Builder confidence in the market for newly built, single-family homes climbed three points to 51 in March, according to the National Association of Home Builders/Wells Fargo Housing Market Index. This is the highest level since July 2023 and marks the fourth consecutive monthly gain for the index. It is also the first time that the sentiment level has surpassed the breakeven point of 50 since last July.
Key points
- With mortgage rates below 7% since mid-December per Freddie Mac, more builders are cutting back on reducing home prices to boost sales.
- In March, 24% of builders reported cutting home prices, down from 36% in December 2023 and the lowest share since July 2023.
- The average price reduction in March held steady at 6% for the ninth straight month.
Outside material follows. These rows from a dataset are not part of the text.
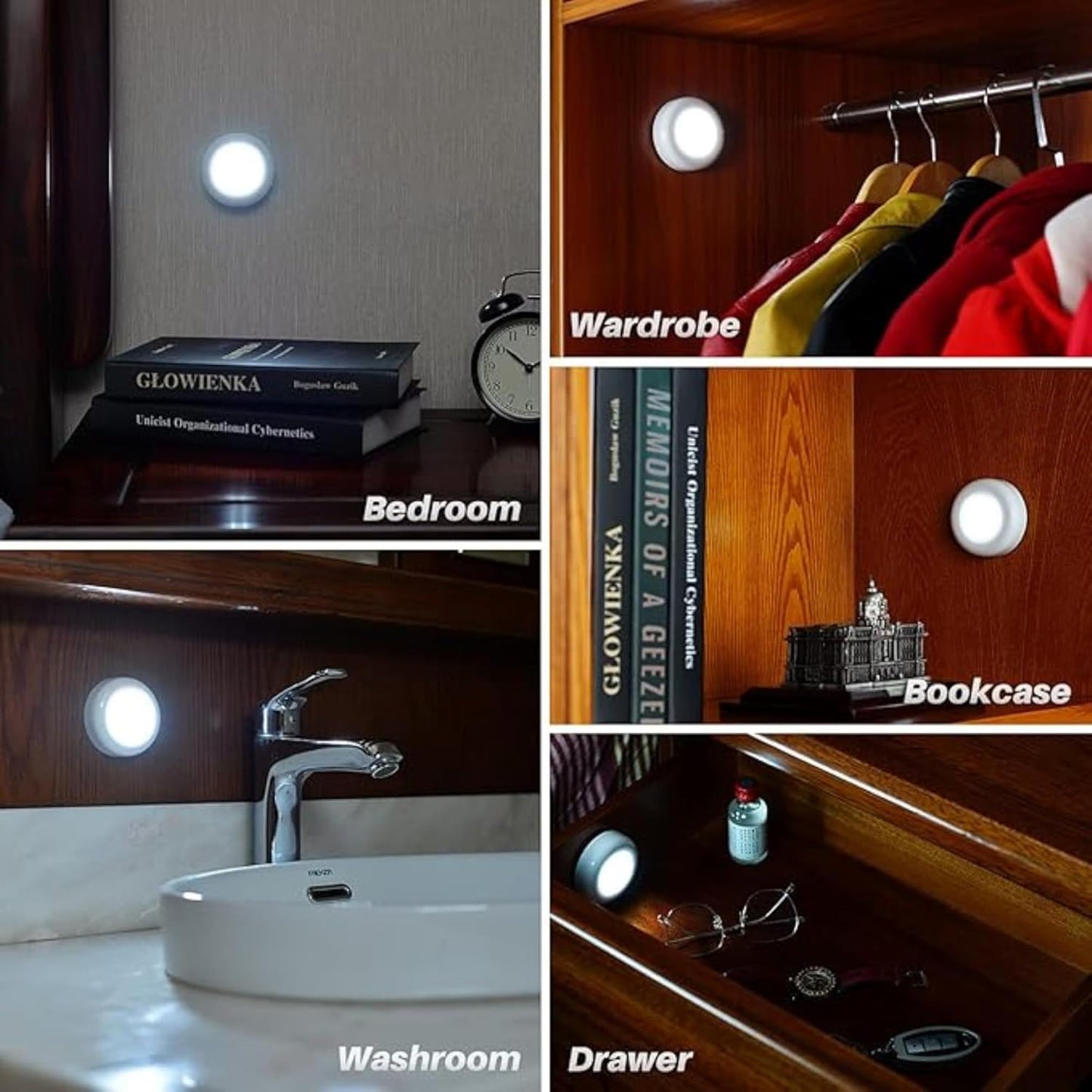 Battery Operated Mini Tap Lights- Night Lamps (Set of 4)
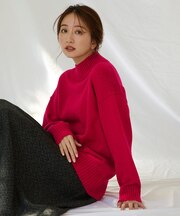 【洗濯機可能/6色展開】ラムウールハイネックニット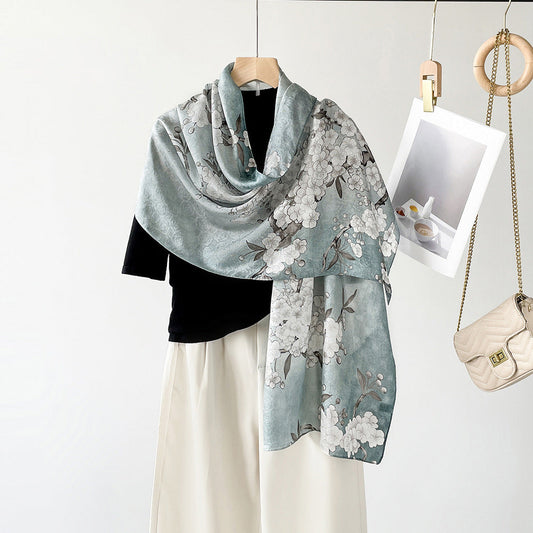 inRealSilk ZS25-Green Sophora 55cm*170cm 100% Silk Shawls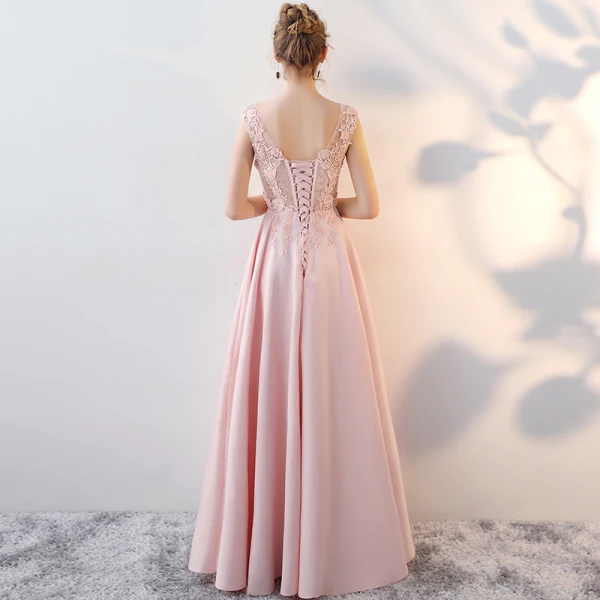 Chic / Beautiful Blushing Pink Evening Dresses 2017 A-Line / Princess Pierced Scoop Neck Sleeveless Appliques Lace Rhinestone Beading Floor-Length / Long Backless Formal Dresses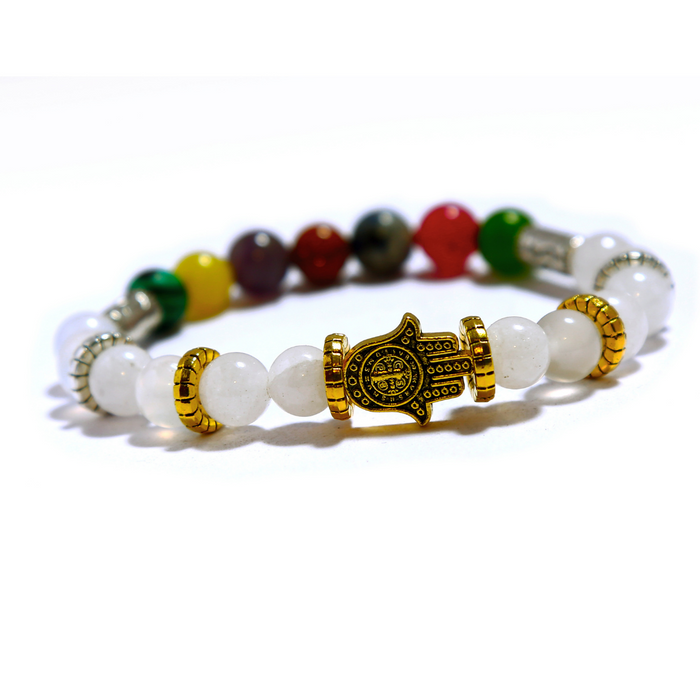 Pulsera Mano de Fatima Charm Cuarzo Blanco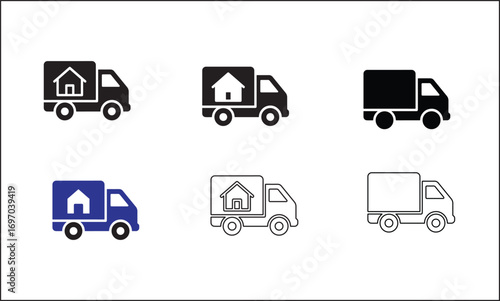 A comprehensive vector set of transportation icons, including cars, trucks, buses, and other delivery vehicles, for traffic and road design illustrations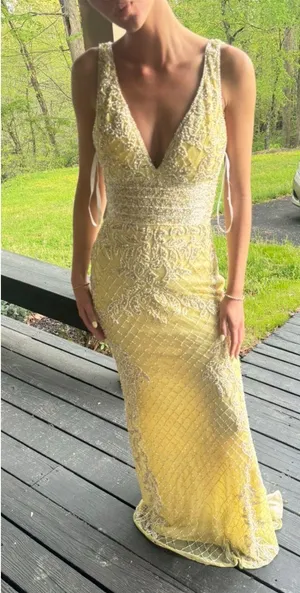 Sheri hill prom dress Yellow thumbnail 2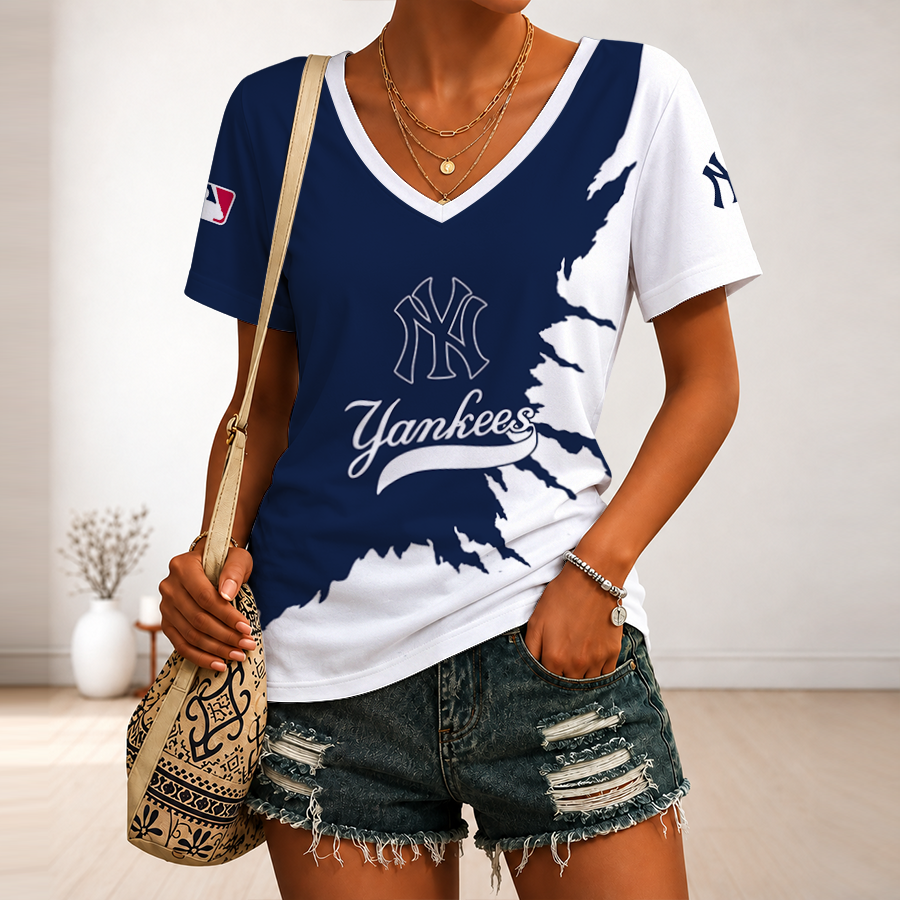 [FLASH SALE] NEW CUSTOMIZED MLB01 NYY NEW YORK YANKEES V-NECK FEMALE SHIRT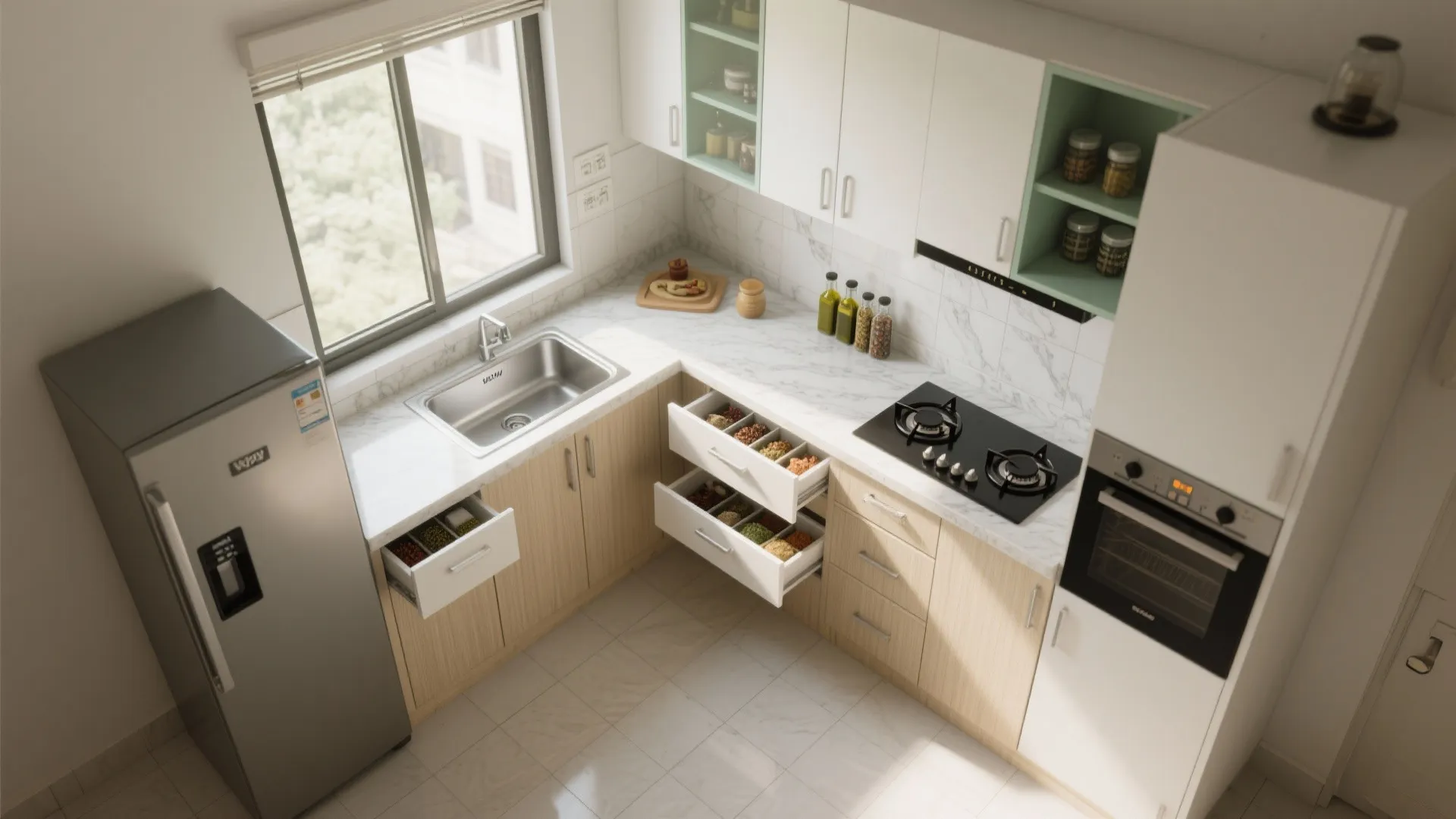 L-Shaped Micro Kitchen with Floor-to-Ceiling Storage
- The use of sales incentives is holding firm; the share of builders offering some form of incentive in March was 60%, and this has remained between 58% and 62% since last September.
Notable quotes
“Buyer demand remains brisk and we expect more consumers to jump off the sidelines and into the marketplace if mortgage rates continue to fall later this year,” says NAHB Chairman Carl Harris. “But even though there is strong pent-up demand, builders continue to face several supply-side challenges, including a scarcity of buildable lots and skilled labor, and new restrictive codes that continue to increase the cost of building homes.”
“With the Federal Reserve expected to announce future rate cuts in the second half of 2024, lower financing costs will draw many prospective buyers into the market,” says NAHB Chief Economist Robert Dietz. “However, as home building activity picks up, builders will likely grapple with rising material prices, particularly for lumber.”